■ **DATA SUPPLIED**
-- -- --

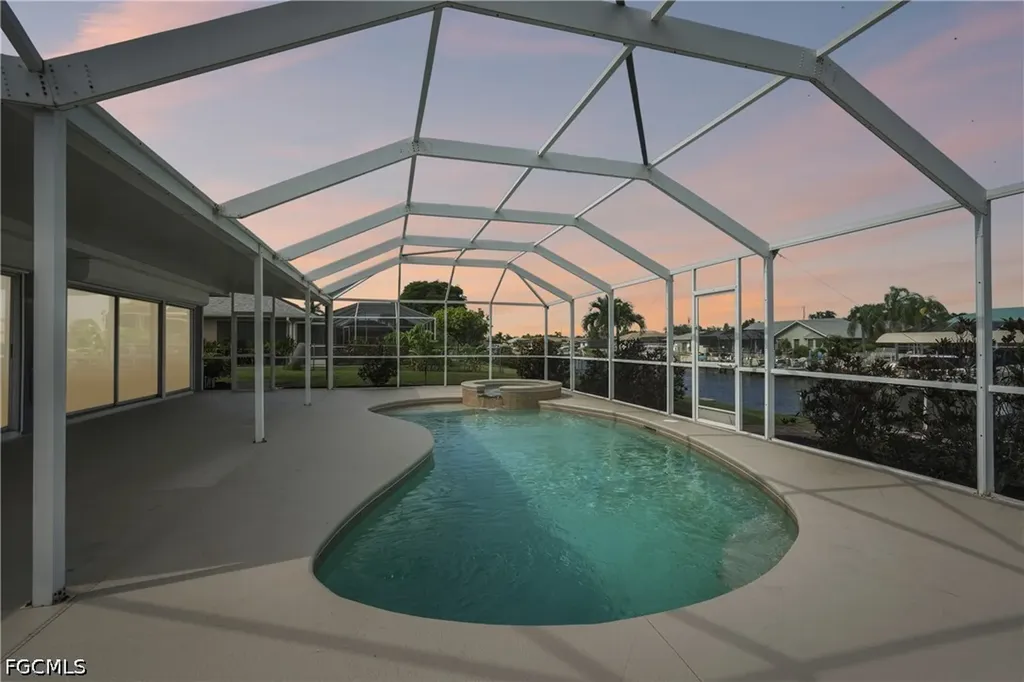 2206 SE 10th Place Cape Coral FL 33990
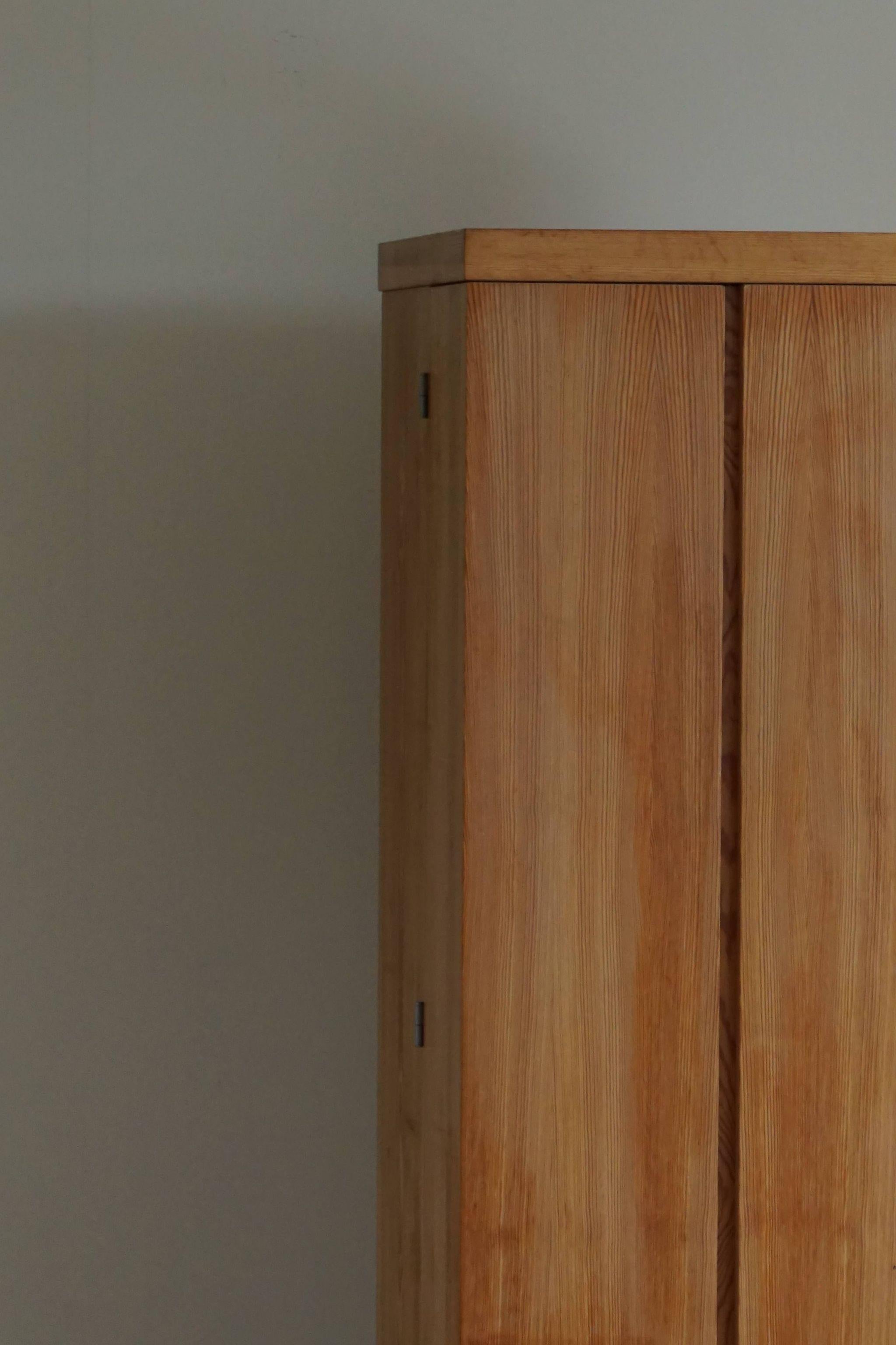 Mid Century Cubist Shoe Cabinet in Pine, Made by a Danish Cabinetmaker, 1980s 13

-- -- --

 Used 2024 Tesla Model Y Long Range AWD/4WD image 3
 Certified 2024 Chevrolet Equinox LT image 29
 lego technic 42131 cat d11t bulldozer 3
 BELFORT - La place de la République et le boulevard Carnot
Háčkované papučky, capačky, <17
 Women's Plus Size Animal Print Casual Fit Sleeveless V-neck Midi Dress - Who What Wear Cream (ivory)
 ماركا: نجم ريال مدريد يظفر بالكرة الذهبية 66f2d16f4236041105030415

-- -- --

■ **THE TASK**
Give back exactly the lines of the listing above that run from the line with "Háčkované papučky, capačky, <17" to the line with "ماركا: نجم ريال", inclusive.

■ **TASK RESULT**
Háčkované papučky, capačky, <17
 Women's Plus Size Animal Print Casual Fit Sleeveless V-neck Midi Dress - Who What Wear Cream (ivory)
 ماركا: نجم ريال مدريد يظفر بالكرة الذهبية 66f2d16f4236041105030415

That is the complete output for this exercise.